##### Material provided #####

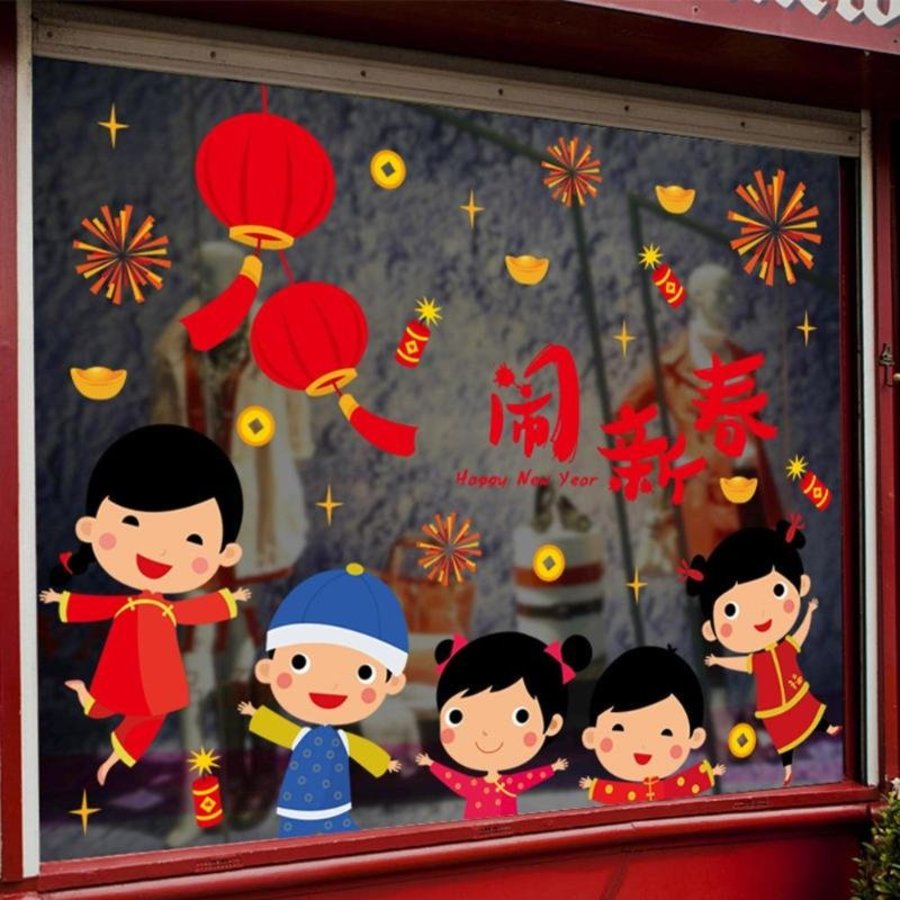 Decal trang trí tết bé và lồng đèn đỏ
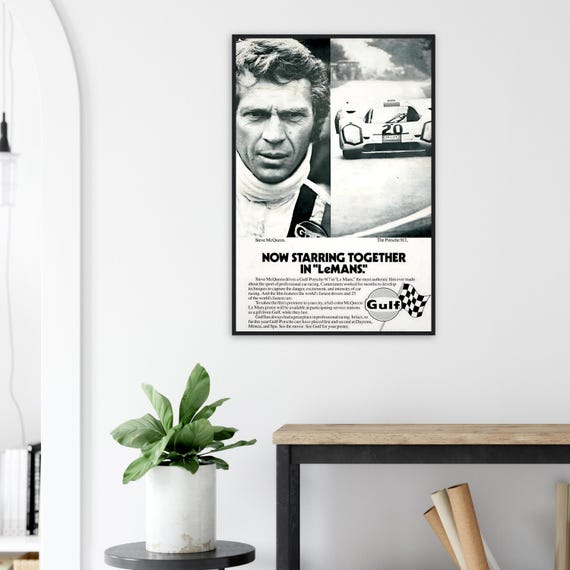 Steve Mcqueen Le Mans Newspaper Print | Vintage Racing Wall Art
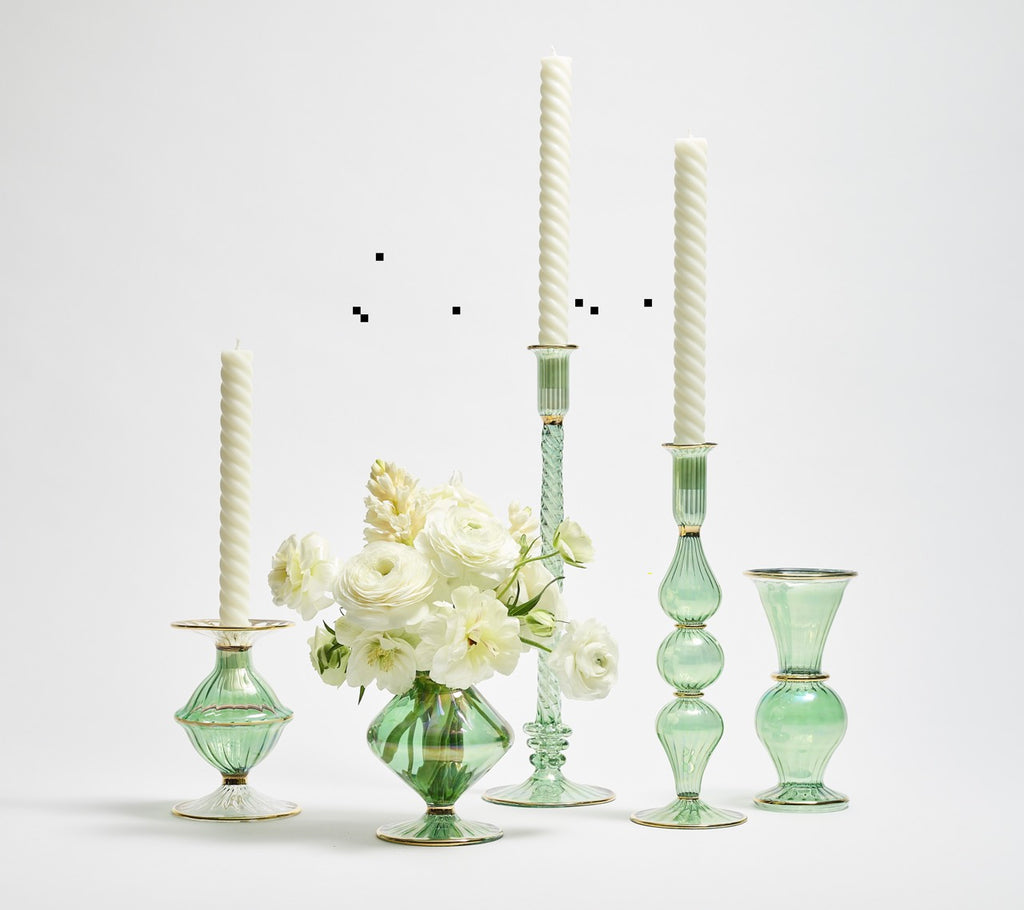 Ripple Candle Holder in Green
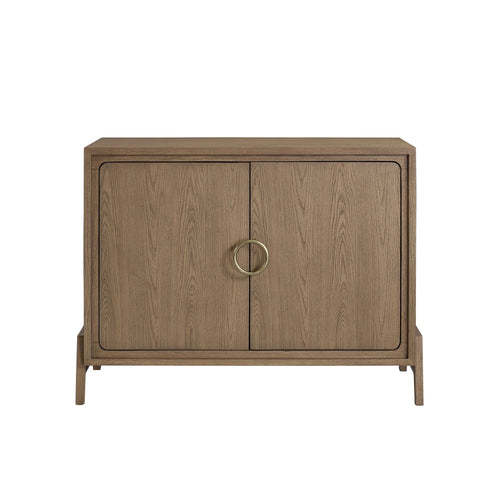 Soft Modern Accent Cabinet with Warm Latte Finish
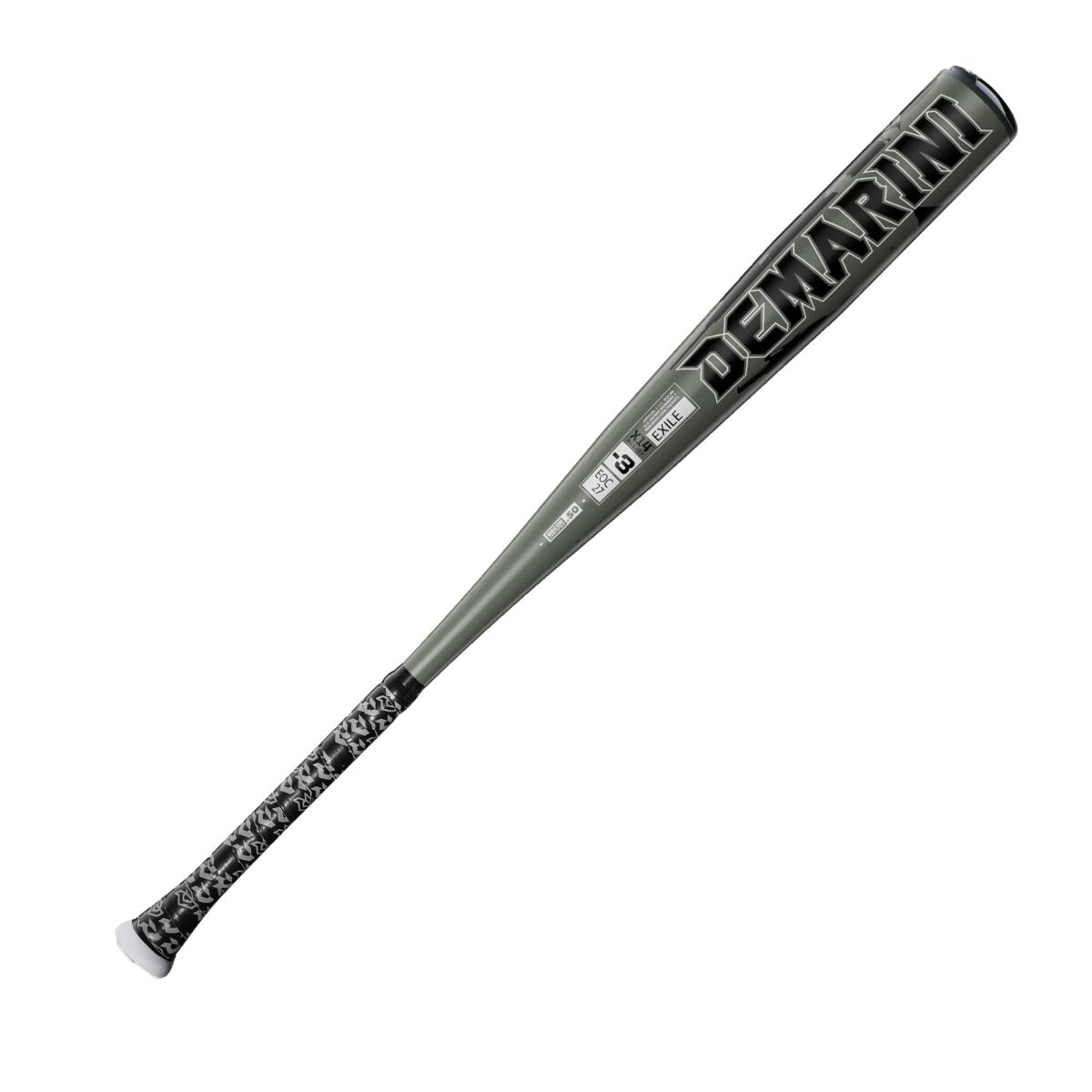 demarini-exile-3-bbcor-baseball-bat-wbd2704010-black-grey-one-piece-alloy-baseball-bat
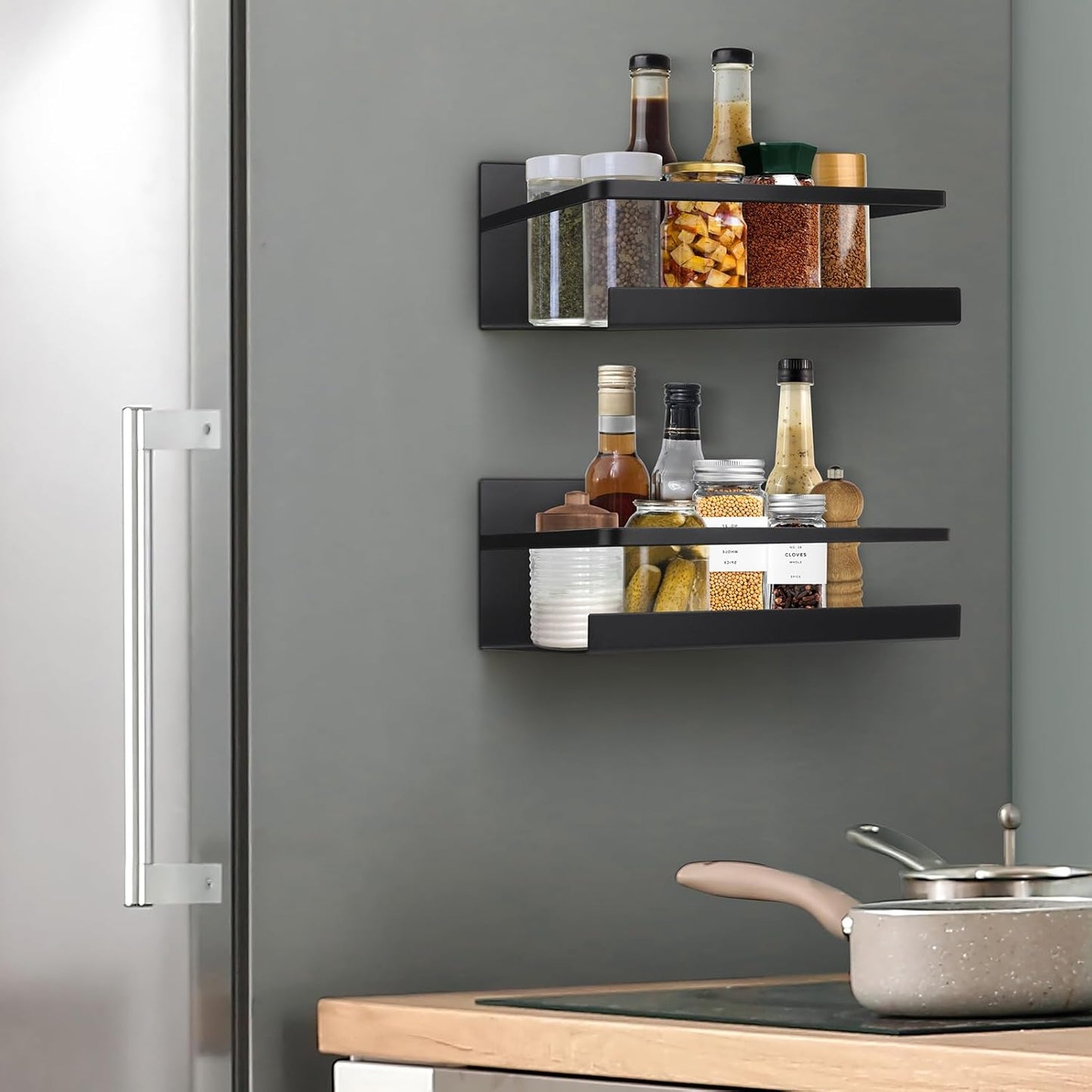 Magnetic Spice Rack Organizer, 2 Pack Magnetic Shelf for Refrigerator with 4 Hooks for Spice Jars Kitchen Storage
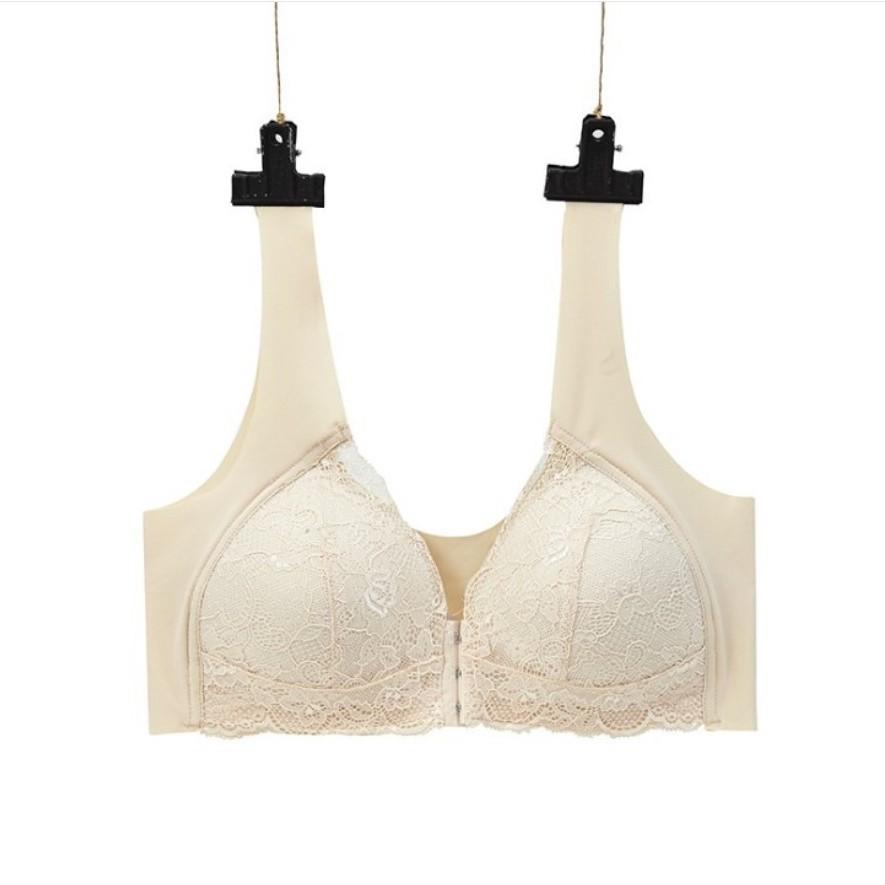 Plus Size Front Buckle Wireless Lace Seamless Beauty Back Shaping Nursing Bra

#####

The records above must be repeated in full and exactly, but without any of the pictures.

Your solution >>
 Decal trang trí tết bé và lồng đèn đỏ
 Steve Mcqueen Le Mans Newspaper Print | Vintage Racing Wall Art
 Ripple Candle Holder in Green
 Soft Modern Accent Cabinet with Warm Latte Finish
 demarini-exile-3-bbcor-baseball-bat-wbd2704010-black-grey-one-piece-alloy-baseball-bat
 Magnetic Spice Rack Organizer, 2 Pack Magnetic Shelf for Refrigerator with 4 Hooks for Spice Jars Kitchen Storage
 Plus Size Front Buckle Wireless Lace Seamless Beauty Back Shaping Nursing Bra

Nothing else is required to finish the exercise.